Lettre au pape

Tribune libre

Votre visite souhaitée cette année, mais finalement reportée sine die, aurait marquée le trentième anniversaire de la première visite d’un pape en sol canadien, celle qu’a effectué l’un de vos prédécesseurs, Jean-Paul II, du 9 au 20 septembre 1984. Des milliers de personnes avaient participé aux événements prévus à l’occasion de cette visite.

Historiquement une terre de foi catholique et une pépinière de missionnaires qui ont parcouru tous les continents en nous sensibilisant aux réalités complexes du monde, souvent cruelles et parfois humainement insupportables, le Québec s’est graduellement éloigné de la pratique du culte catholique, même si les dernières enquêtes indiquent que la foi catholique y est encore légèrement majoritaire. Ce désistement a débuté après Vatican II et les causes et raisons en sont multiples. L’institution catholique, semble-t-il, a déçu profondément en ne répondant pas aux préoccupations de ses fidèles et aux urgences du monde.

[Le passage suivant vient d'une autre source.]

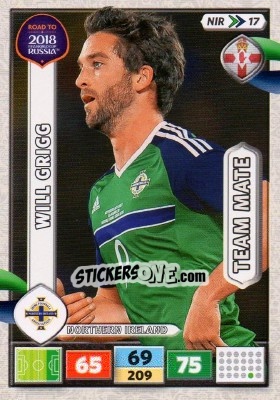Sticker Will Grigg - Road to 2018 FIFA World Cup Russia. Adrenalyn XL n. NIR17 - Panini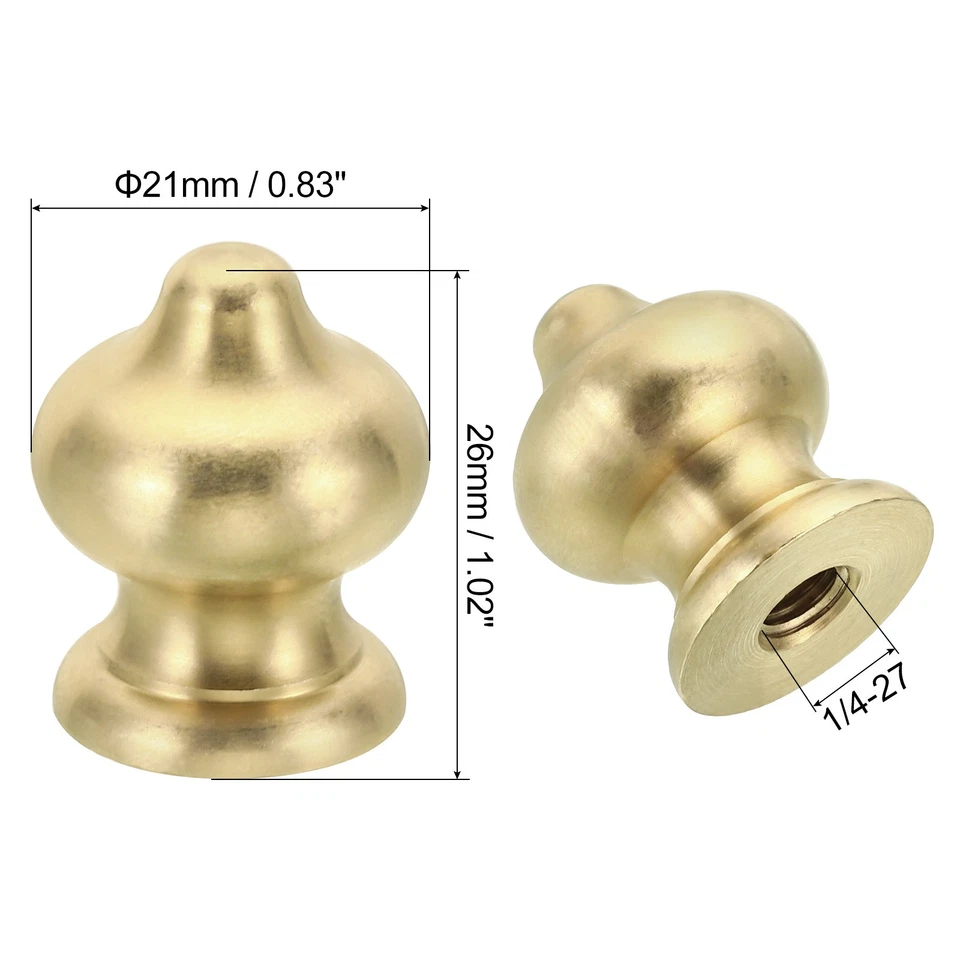 6pcs 1/4-27 Lamp Finial Ball Cap Knob Lamp Shade Harp Top Screw Nut Decoration Foto 2 de 4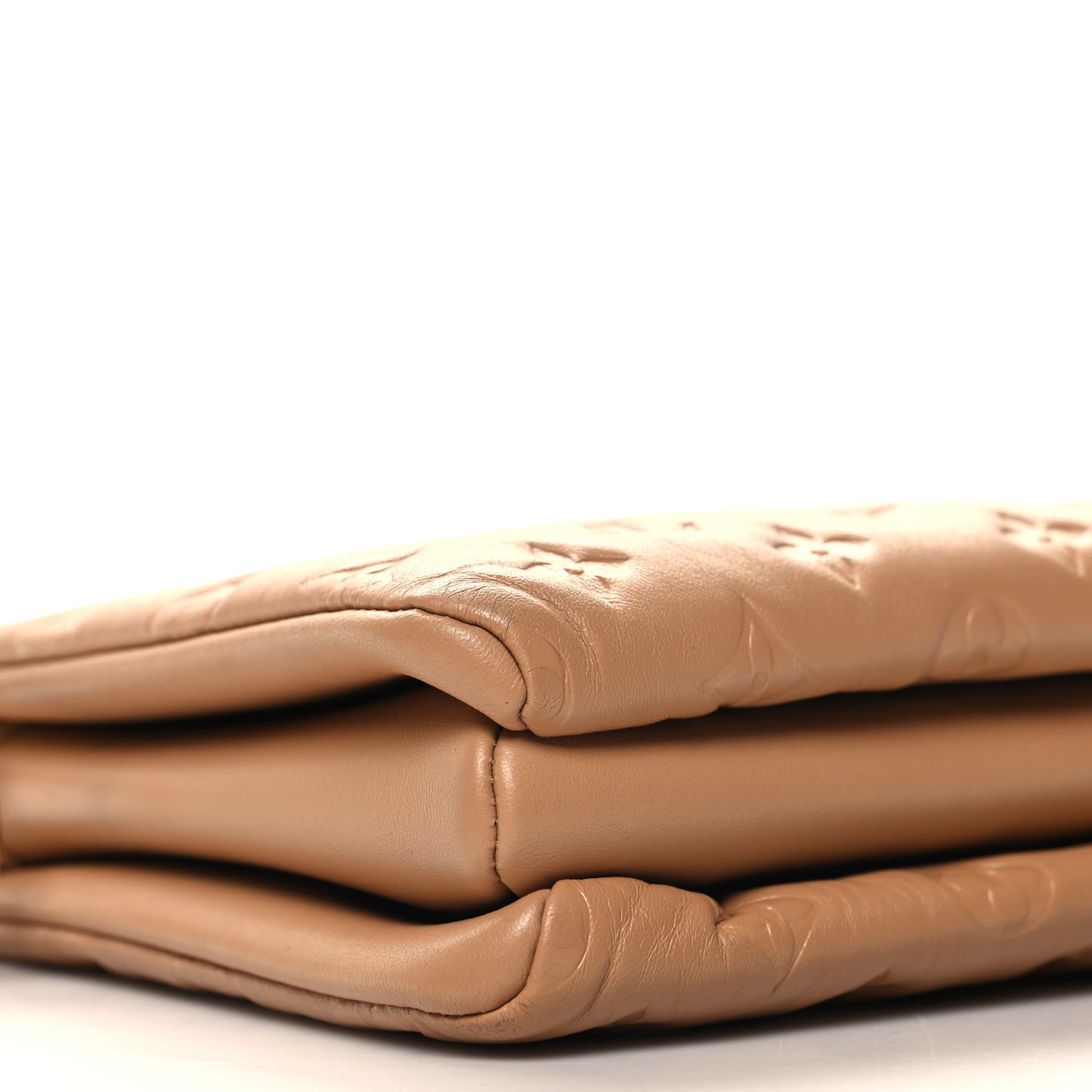 Lambskin Embossed Monogram Coussin PM Camel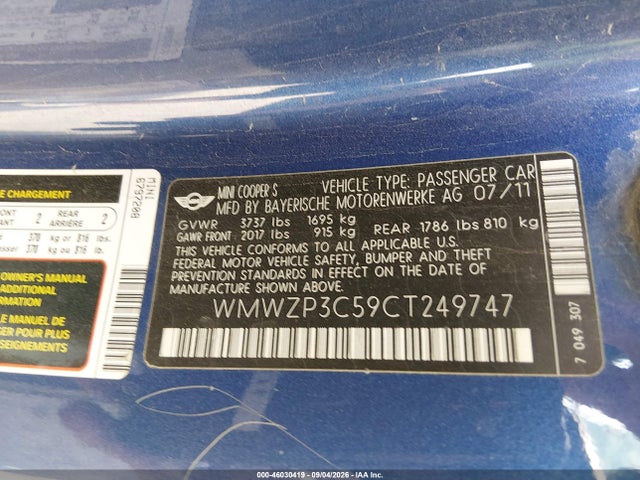 Продаж на аукціоні авто 2012 Mini Cooper S, vin: WMWZP3C59CT249747, номер лоту: 46030419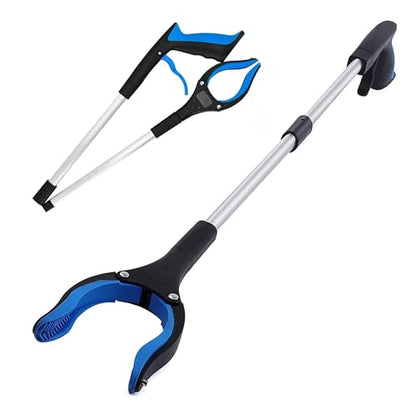 34" Grabber Tool - 2 Pack 34 Inch Long Foldable Grabbers for Elderly Grab It Reaching Tool with Rotating Jaw +Magnets, Grabber Pickup Tool, Heavy Duty Grabber Reacher Tool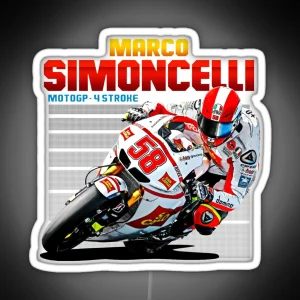 Marco Simoncelli 58 Motogp 4 Stroke RGB Neon Sign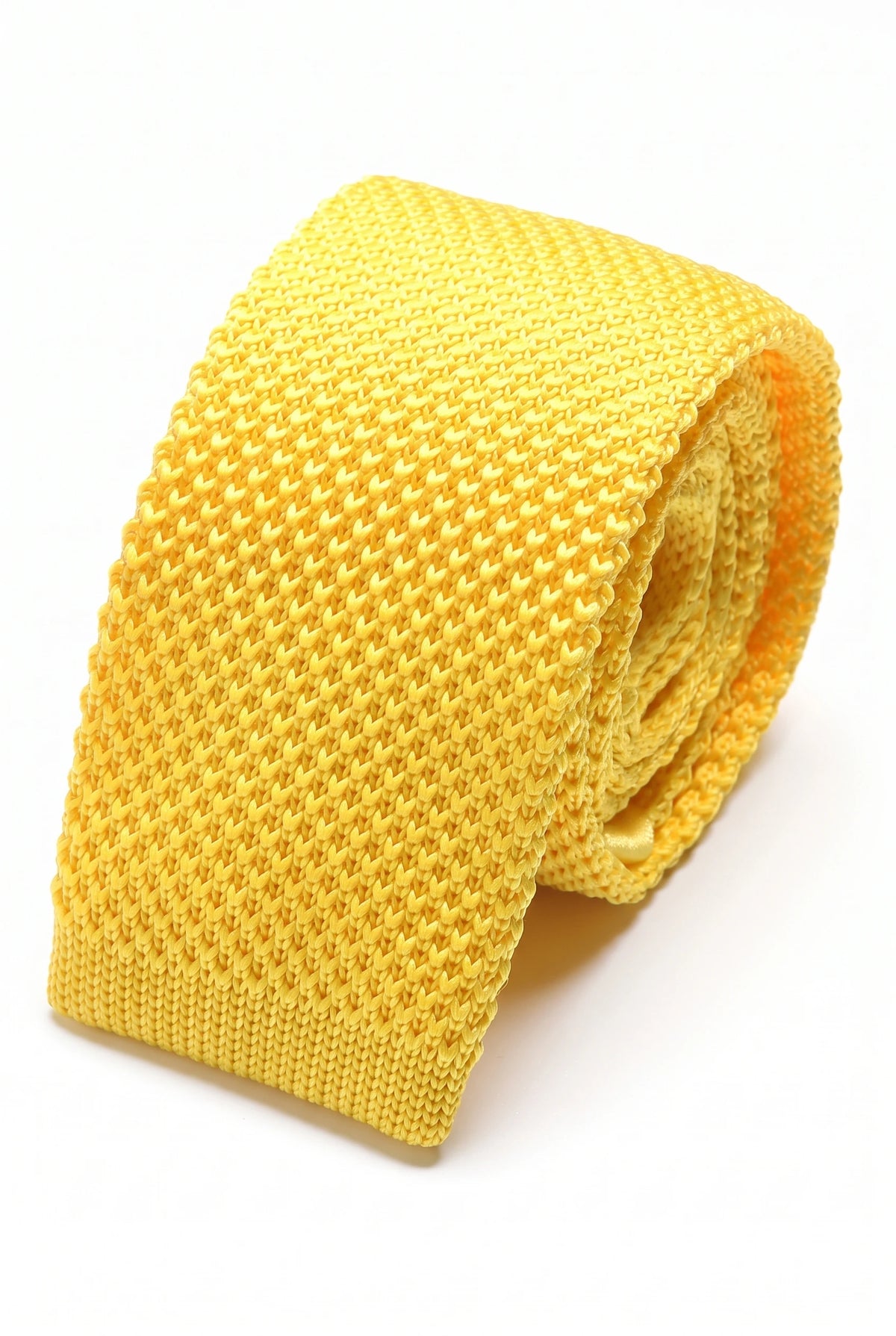 Gelbe Strickkrawatte für Herren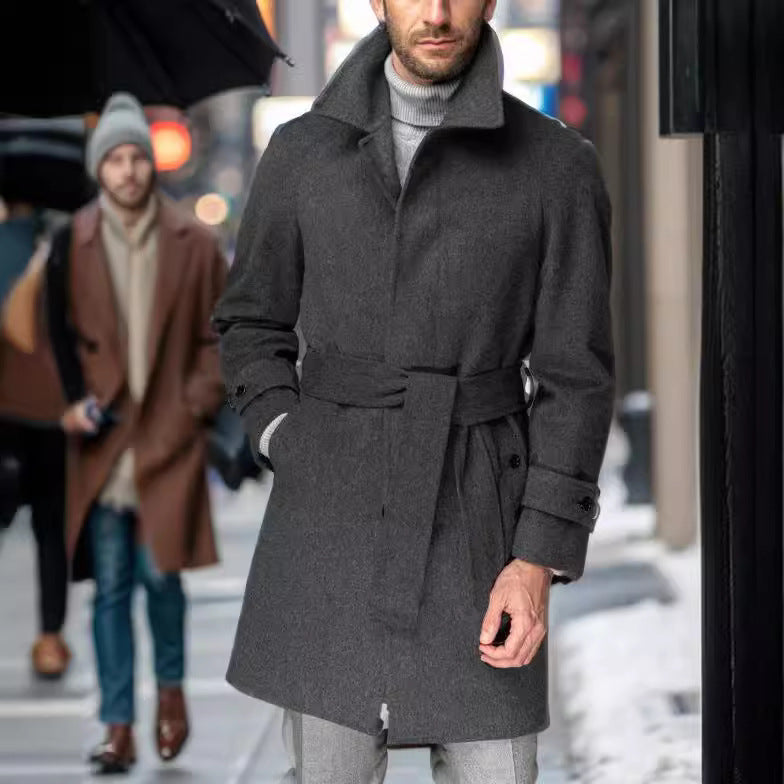 Herren eleganter und taillierter Trenchcoat aus hochwertiger Wolle R&B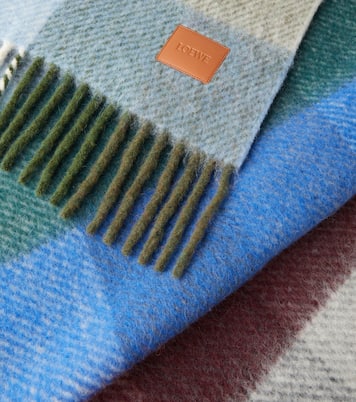 Checked alpaca and wool-blend blanket | Loewe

Et ces urgences sont d’une actualité criante et oppressante. Les directeurs du Programme alimentaire mondial (PAM) des Nations Unies évaluent à 3,1 millions les enfants de moins de 5 ans qui meurent de malnutrition chaque année, soit près de la moitié (45%) des causes de décès. Le budget du Pam est de 5,5 milliards $ par année pour parer tant bien que mal aux urgences alimentaires des 100 millions d’enfants qui souffrent de sous-alimentation et de retard de croissance. En comparaison pour 2013, les dépenses militaires mondiales se chiffraient à 1 747 $ milliards $, selon The Stockholm International Peace Research Institute. Réallouer ne serait-ce que 1 % de ces dépenses permettraient de tripler le budget du PAM. Pourquoi n’agit-on pas prestement alors que les dépenses militaires dans le monde sont principalement le fait des États-nations chrétiens, lesquels ont mis le monde à feu et à sang plus d’une fois au cours du dernier siècle (1914-2014)… Le christianisme serait-il un échec ?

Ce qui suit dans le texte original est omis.